In an organization what are signs that there are communication problems?

  1. People are not working together well—conflict, anger, and disengagement are symptoms.
  2. People are unaware of upcoming changes
  3. Messages are not received or are misunderstood
  4. Mistakes are increasing
  5. Criticism and blame are rampant
  6. Morale is decreasing
  7. Complaints are accelerating

How can coaches help individuals and groups improve their communication? Here are six practical ideas:

  1. As coach, listen carefully to the people involved and who or what may have caused the communication problem in the first place. This will allow you to uncover the depth, nature and assumptions that contributed to the communication difficulties.
  2. As a coach you are able to explore the situation more thoroughly than an insider because when communication complications arise, the group involved may choose to clam up or point fingers rather than admit to their role in creating the problem.

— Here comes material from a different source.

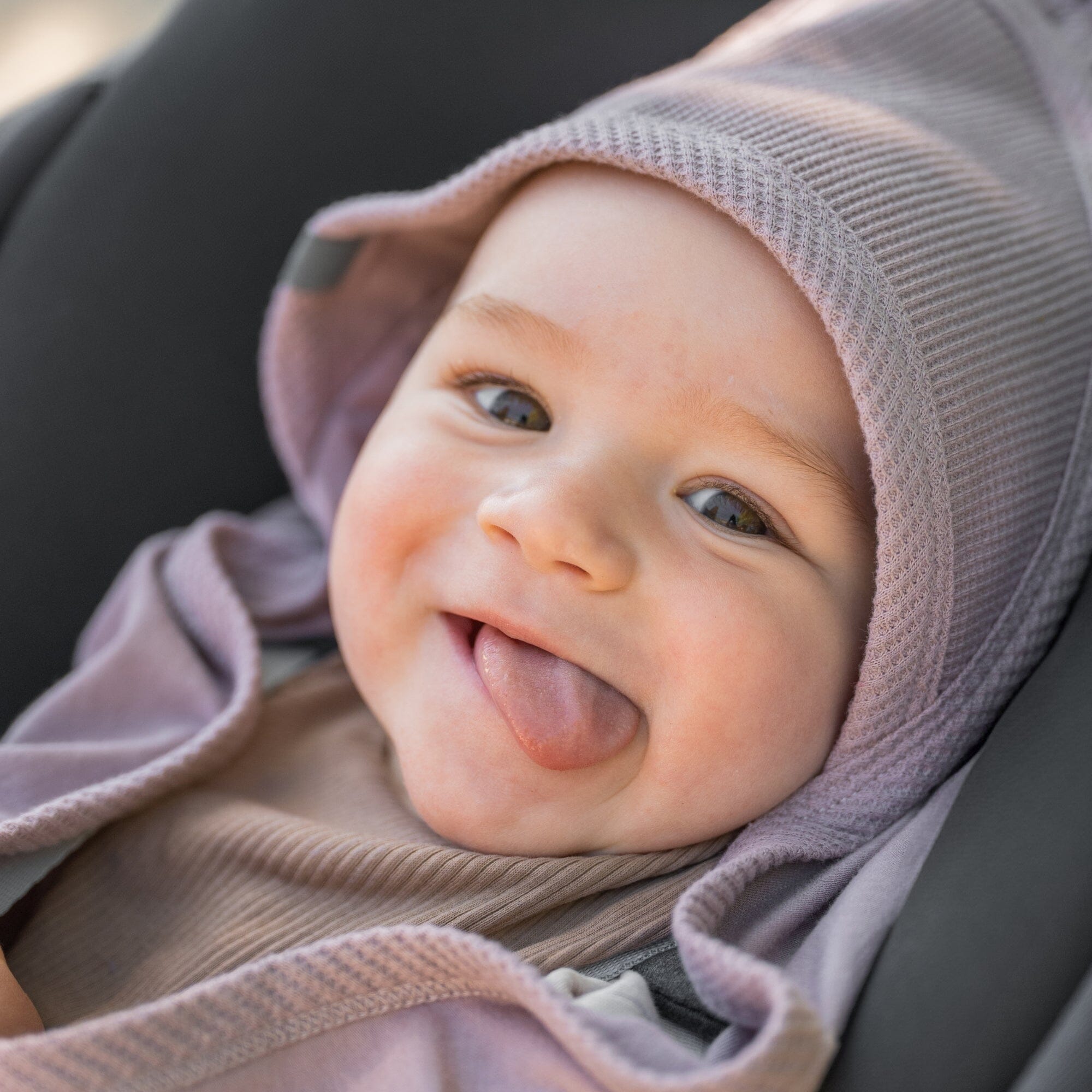 UV-Decke Baby | Essential Berry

  3. To maintain confidentiality, surveys are often used as an early step to resolve communication difficulties. People generally feel safer providing information through surveys in many situations.
  4. Help the client utilize the nine suggestions to enhance communication on the Myers Briggs Indicator Step II Interpretive report.

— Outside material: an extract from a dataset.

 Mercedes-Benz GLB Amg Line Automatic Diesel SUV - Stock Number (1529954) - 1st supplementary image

  5. Utilize the Thomas Kilmann Conflict Mode assessment to help people understand and manage their natural conflict management styles and understand other people’s styles also.
  6. After you have uncovered some of the causes of the communication difficulties help the group focus on solutions and strengths—and help them talk more about what is actually going well. Don’t focus on just one person. You want to avoid and discourage finger-pointing. “United we stand, divided we fall” is a useful attitude for the group to adopt.